Input: Begin

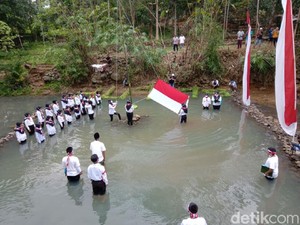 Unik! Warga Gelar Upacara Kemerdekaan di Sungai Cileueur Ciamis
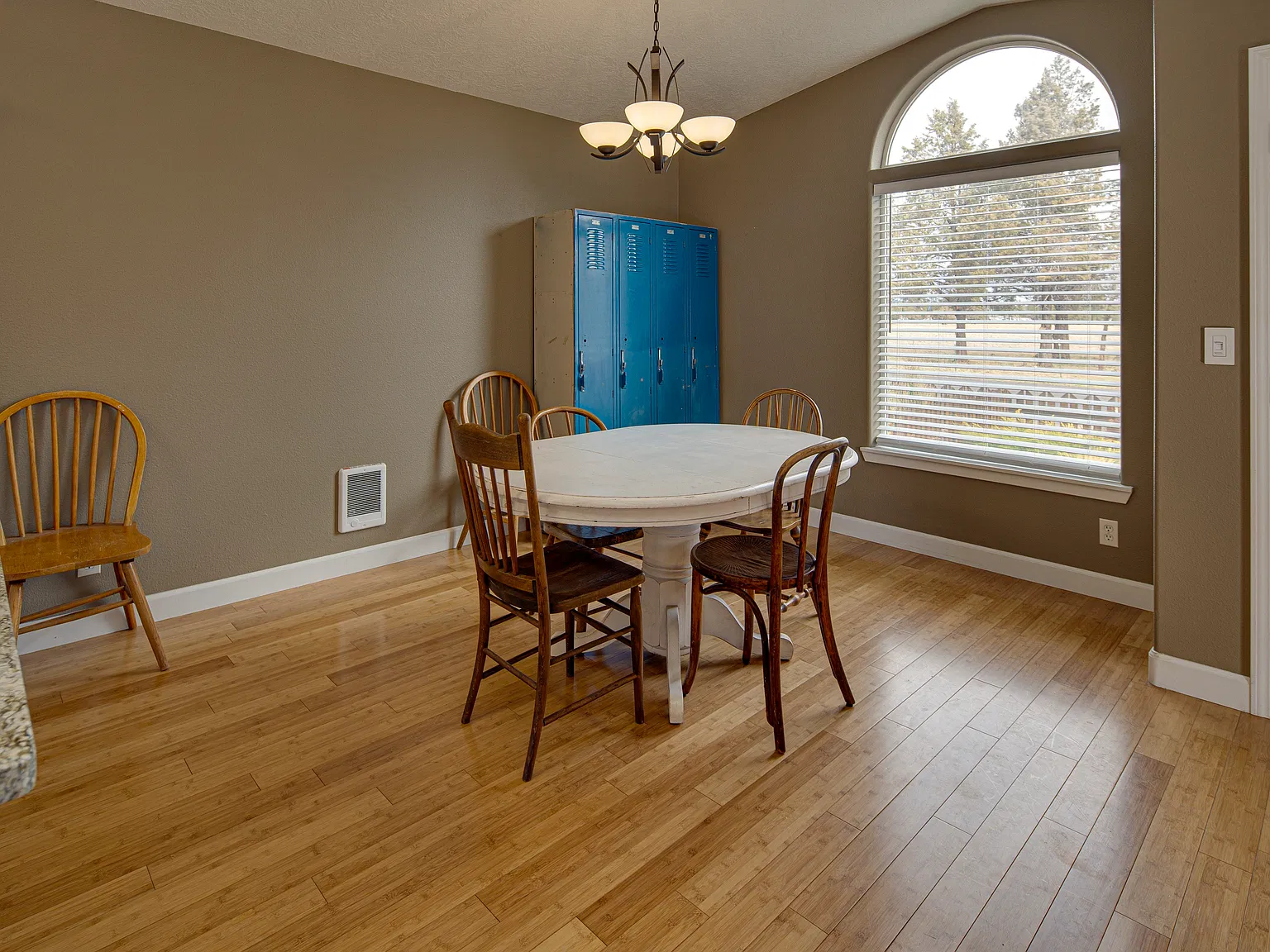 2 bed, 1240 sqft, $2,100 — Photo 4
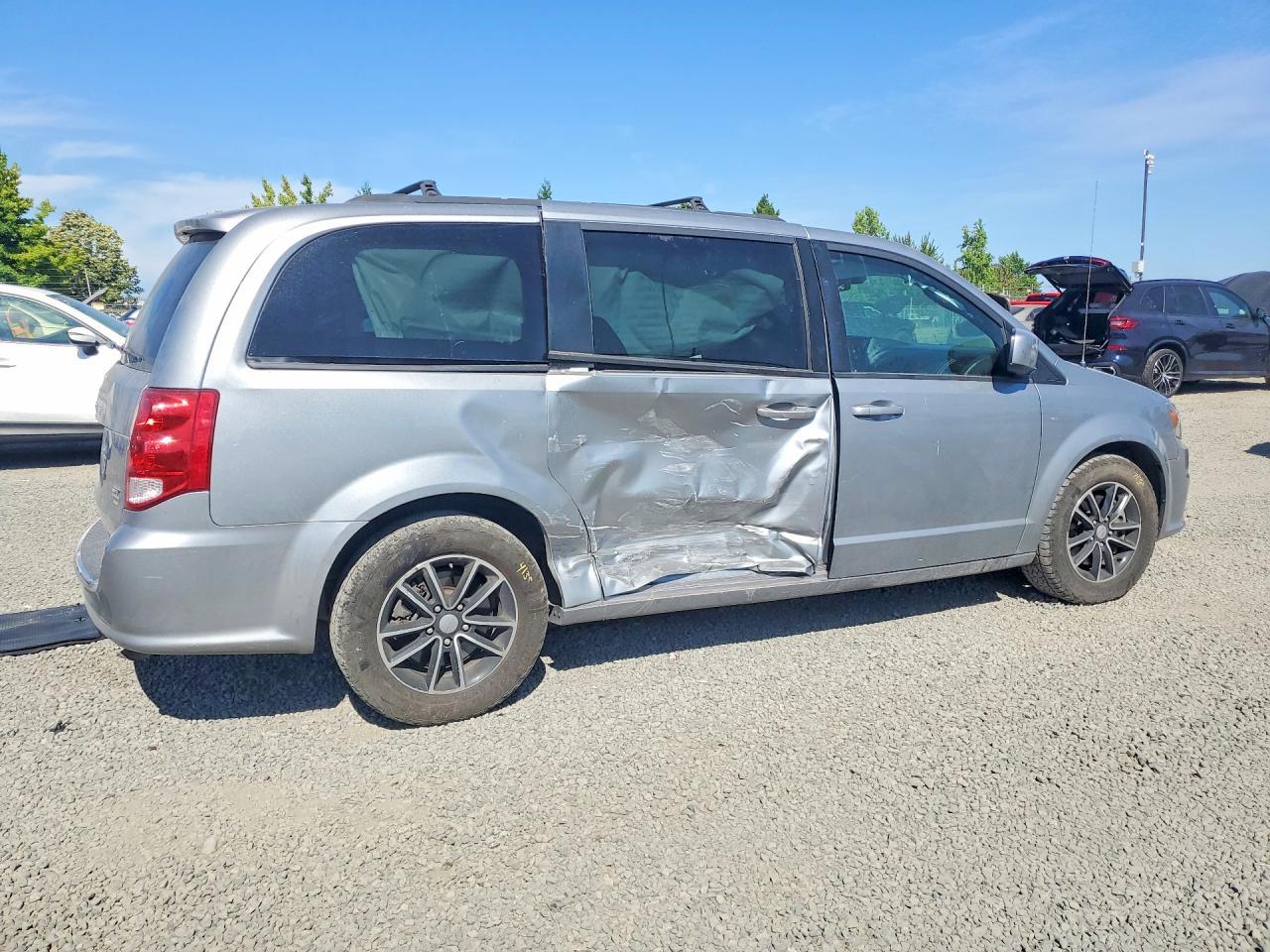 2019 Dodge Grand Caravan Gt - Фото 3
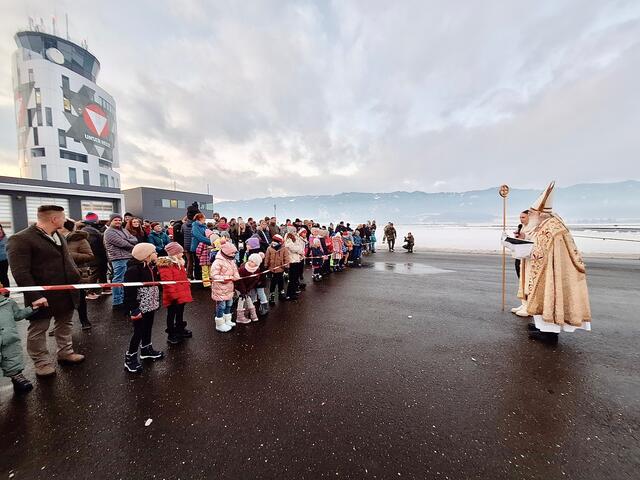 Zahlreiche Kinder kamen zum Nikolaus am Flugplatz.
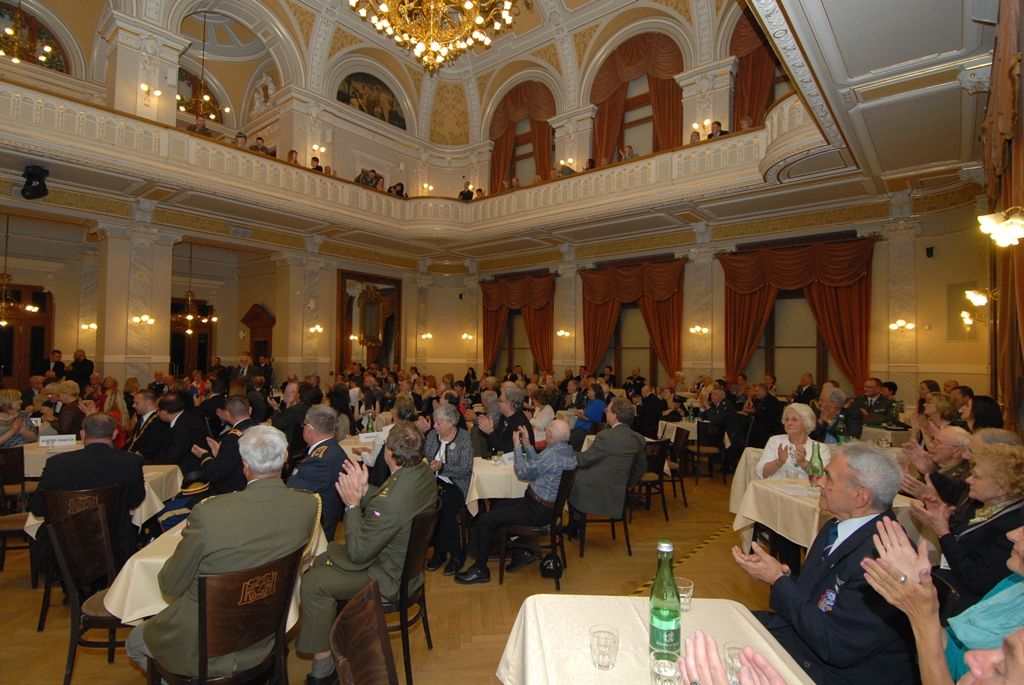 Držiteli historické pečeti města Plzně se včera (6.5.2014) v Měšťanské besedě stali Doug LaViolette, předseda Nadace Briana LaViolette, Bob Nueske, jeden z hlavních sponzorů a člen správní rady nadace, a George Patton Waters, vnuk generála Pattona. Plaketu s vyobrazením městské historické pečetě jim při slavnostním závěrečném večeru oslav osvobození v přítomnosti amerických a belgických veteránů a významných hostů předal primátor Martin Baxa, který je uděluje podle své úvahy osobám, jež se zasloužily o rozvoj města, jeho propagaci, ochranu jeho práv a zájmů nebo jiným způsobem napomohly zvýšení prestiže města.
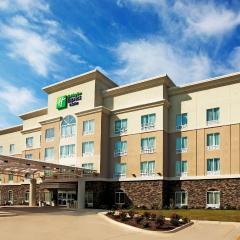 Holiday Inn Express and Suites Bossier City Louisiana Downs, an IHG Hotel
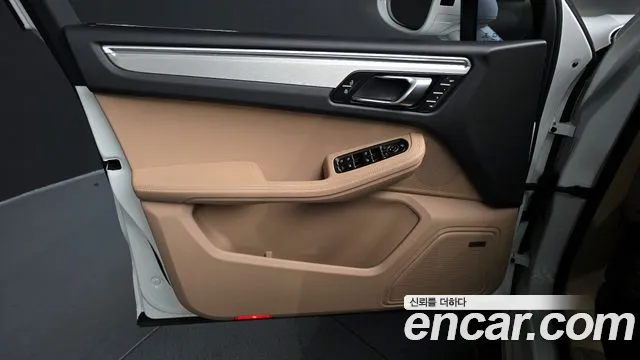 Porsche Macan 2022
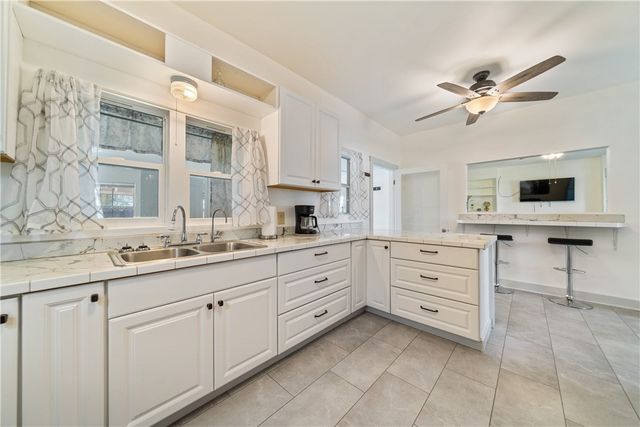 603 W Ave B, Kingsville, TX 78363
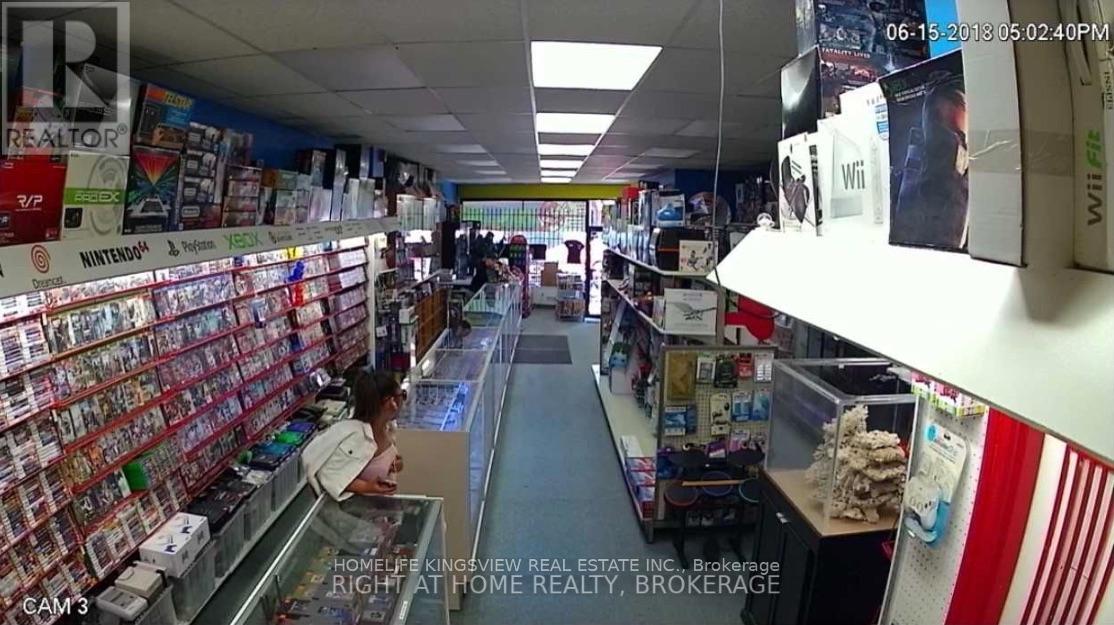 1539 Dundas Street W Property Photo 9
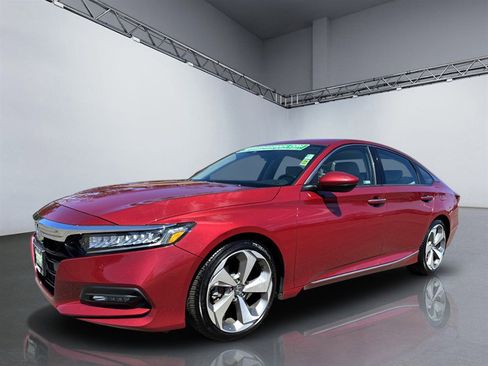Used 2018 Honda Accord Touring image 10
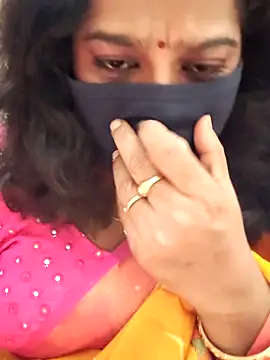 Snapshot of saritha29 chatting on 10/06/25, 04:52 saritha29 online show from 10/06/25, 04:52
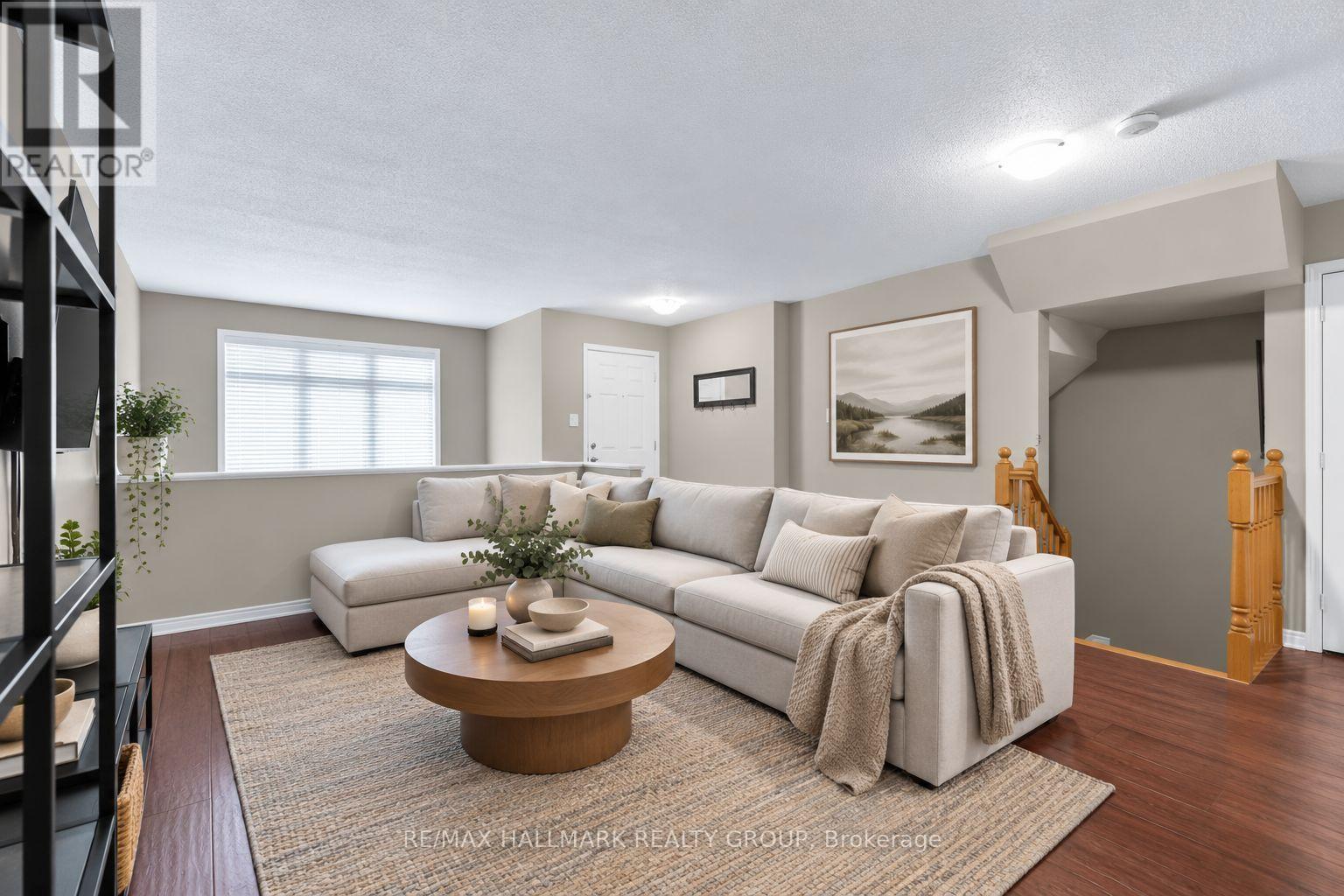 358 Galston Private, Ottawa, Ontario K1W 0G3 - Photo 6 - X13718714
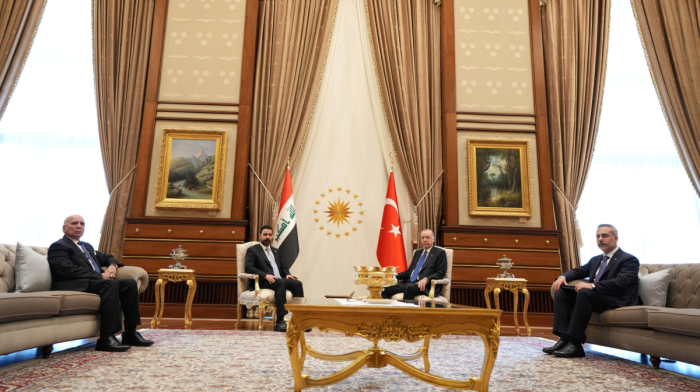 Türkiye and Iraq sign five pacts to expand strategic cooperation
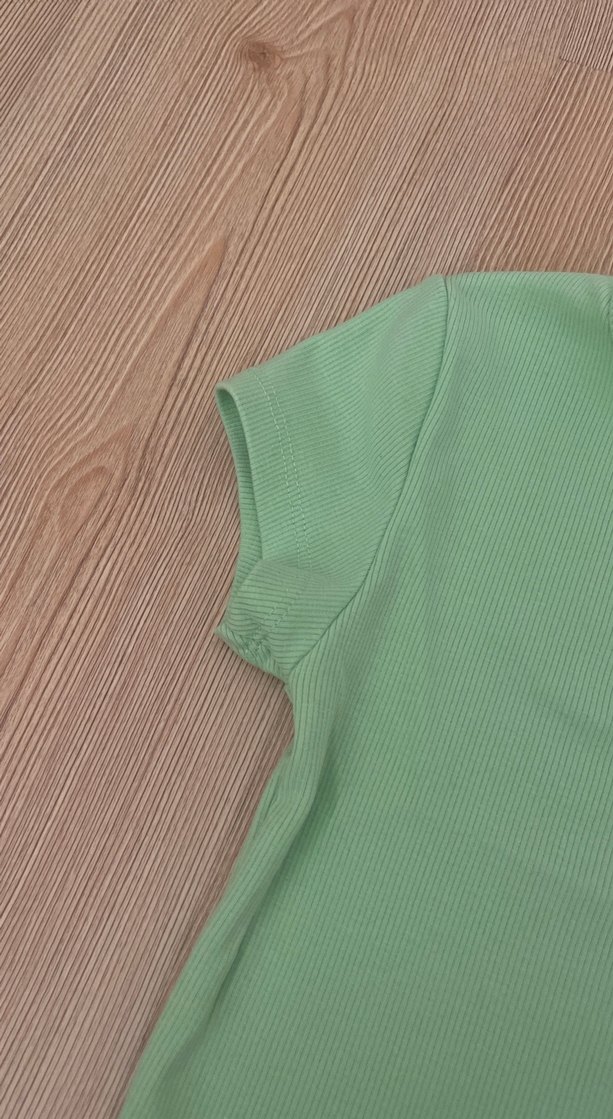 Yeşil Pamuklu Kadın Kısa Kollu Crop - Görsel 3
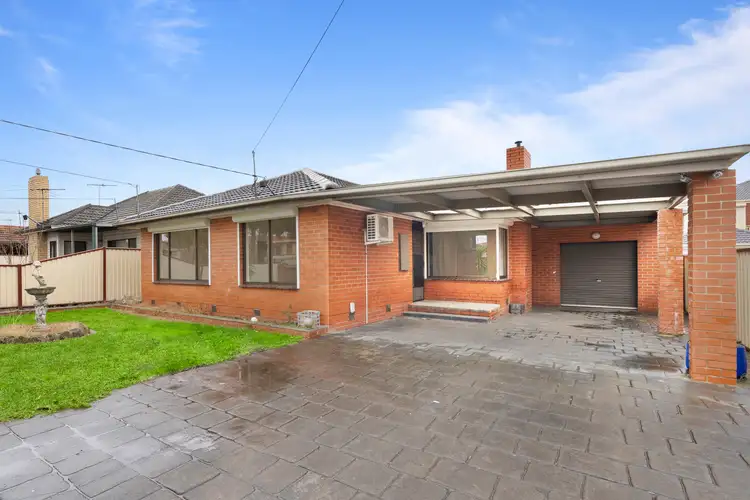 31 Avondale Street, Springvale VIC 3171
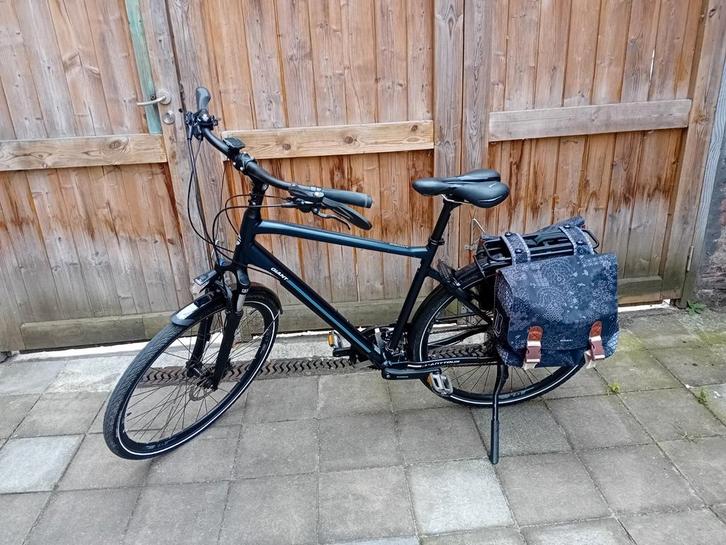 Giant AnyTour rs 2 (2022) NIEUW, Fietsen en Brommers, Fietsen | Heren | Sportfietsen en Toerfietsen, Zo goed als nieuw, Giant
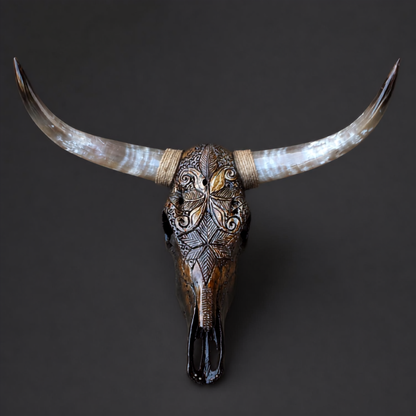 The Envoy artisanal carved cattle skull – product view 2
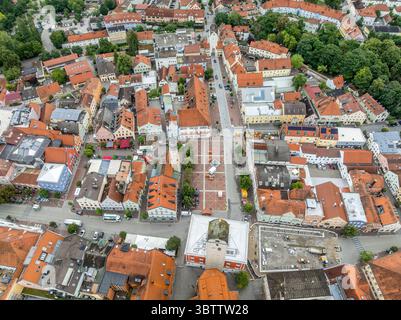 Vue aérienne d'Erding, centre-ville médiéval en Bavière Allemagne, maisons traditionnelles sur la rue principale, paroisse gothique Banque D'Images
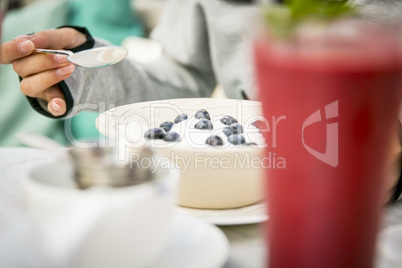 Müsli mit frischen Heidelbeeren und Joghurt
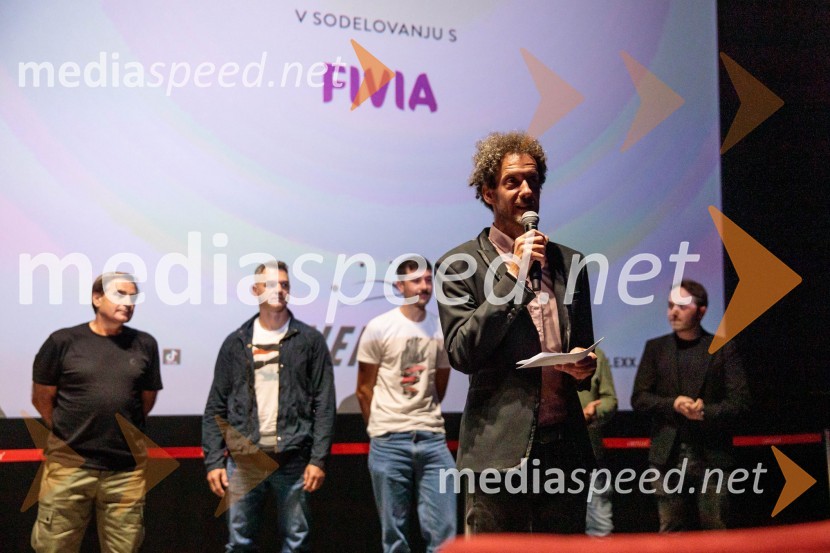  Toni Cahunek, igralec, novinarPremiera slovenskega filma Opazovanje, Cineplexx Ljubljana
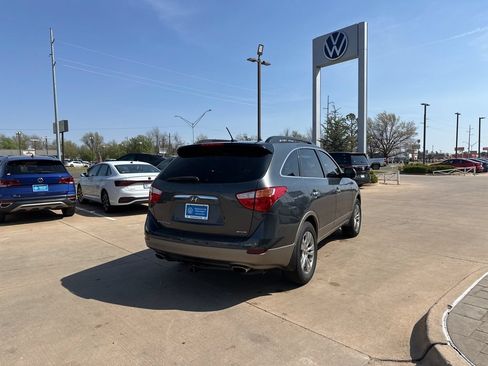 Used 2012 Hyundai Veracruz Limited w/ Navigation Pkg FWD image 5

Input: End

• Task item
Output the records above exactly as written, but leave out the pictures.

• Output of the exercise
 Unik! Warga Gelar Upacara Kemerdekaan di Sungai Cileueur Ciamis
 2 bed, 1240 sqft, $2,100 — Photo 4
 2019 Dodge Grand Caravan Gt - Фото 3
 Zahlreiche Kinder kamen zum Nikolaus am Flugplatz.
 Držiteli historické pečeti města Plzně se včera (6.5.2014) v Měšťanské besedě stali Doug LaViolette, předseda Nadace Briana LaViolette, Bob Nueske, jeden z hlavních sponzorů a člen správní rady nadace, a George Patton Waters, vnuk generála Pattona. Plaketu s vyobrazením městské historické pečetě jim při slavnostním závěrečném večeru oslav osvobození v přítomnosti amerických a belgických veteránů a významných hostů předal primátor Martin Baxa, který je uděluje podle své úvahy osobám, jež se zasloužily o rozvoj města, jeho propagaci, ochranu jeho práv a zájmů nebo jiným způsobem napomohly zvýšení prestiže města.
 Holiday Inn Express and Suites Bossier City Louisiana Downs, an IHG Hotel
 Porsche Macan 2022
 603 W Ave B, Kingsville, TX 78363
 1539 Dundas Street W Property Photo 9
Used 2018 Honda Accord Touring image 10
 Snapshot of saritha29 chatting on 10/06/25, 04:52 saritha29 online show from 10/06/25, 04:52
 358 Galston Private, Ottawa, Ontario K1W 0G3 - Photo 6 - X13718714
 Türkiye and Iraq sign five pacts to expand strategic cooperation
 Yeşil Pamuklu Kadın Kısa Kollu Crop - Görsel 3
 31 Avondale Street, Springvale VIC 3171
 Giant AnyTour rs 2 (2022) NIEUW, Fietsen en Brommers, Fietsen | Heren | Sportfietsen en Toerfietsen, Zo goed als nieuw, Giant
 The Envoy artisanal carved cattle skull – product view 2
 Vue aérienne d'Erding, centre-ville médiéval en Bavière Allemagne, maisons traditionnelles sur la rue principale, paroisse gothique Banque D'Images
 Müsli mit frischen Heidelbeeren und Joghurt
  Toni Cahunek, igralec, novinarPremiera slovenskega filma Opazovanje, Cineplexx Ljubljana
 Used 2012 Hyundai Veracruz Limited w/ Navigation Pkg FWD image 5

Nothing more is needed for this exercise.